**Instructions to follow**
Below are some records. Write out the lines from the one containing "Le cellule progenitrici" to the last line, word for word, leaving out pictures.

───── Records supplied ─────

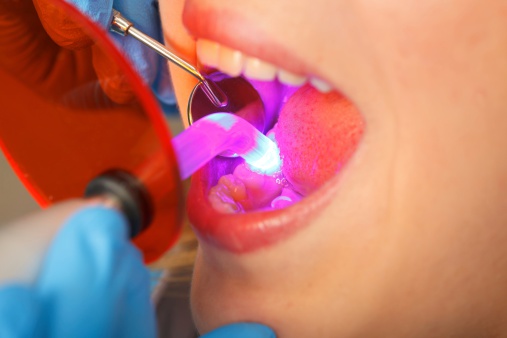 The Comprehensive Guide to Dental Bonding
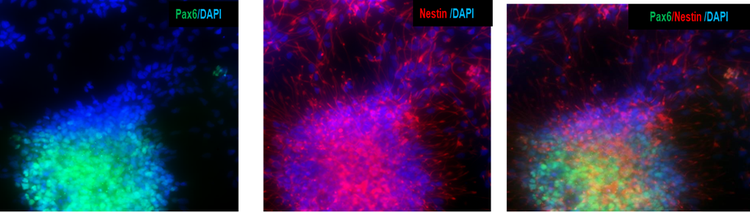 Le cellule progenitrici neurali derivate da iPSC esprimono i marcatori dei progenitori neurali PAX6 e nestina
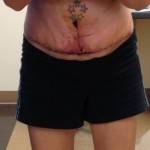 Tummy tuck results pictures (1)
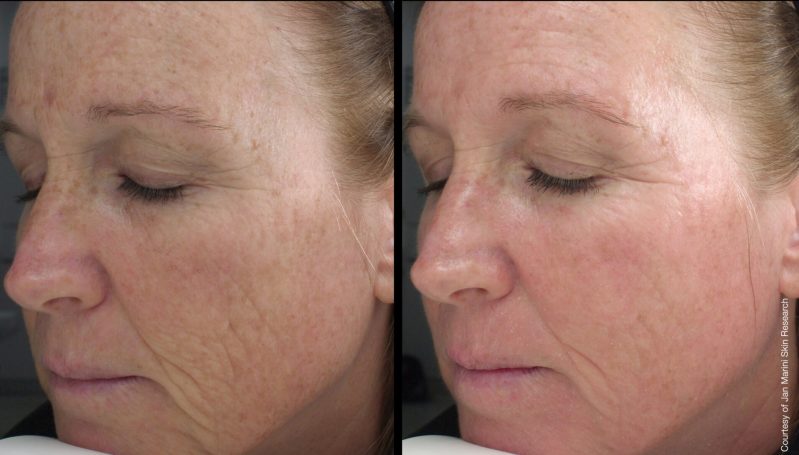 Before and after comparison of facial skin showing wrinkles and texture improvement.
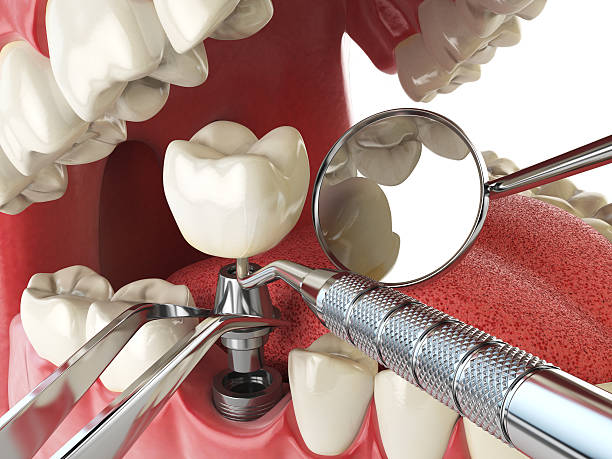 Best Cracked Tooth Emergency Dentist  in Orchard Hills, PA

─────

**Result below**
 Le cellule progenitrici neurali derivate da iPSC esprimono i marcatori dei progenitori neurali PAX6 e nestina
 Tummy tuck results pictures (1)
 Before and after comparison of facial skin showing wrinkles and texture improvement.
 Best Cracked Tooth Emergency Dentist  in Orchard Hills, PA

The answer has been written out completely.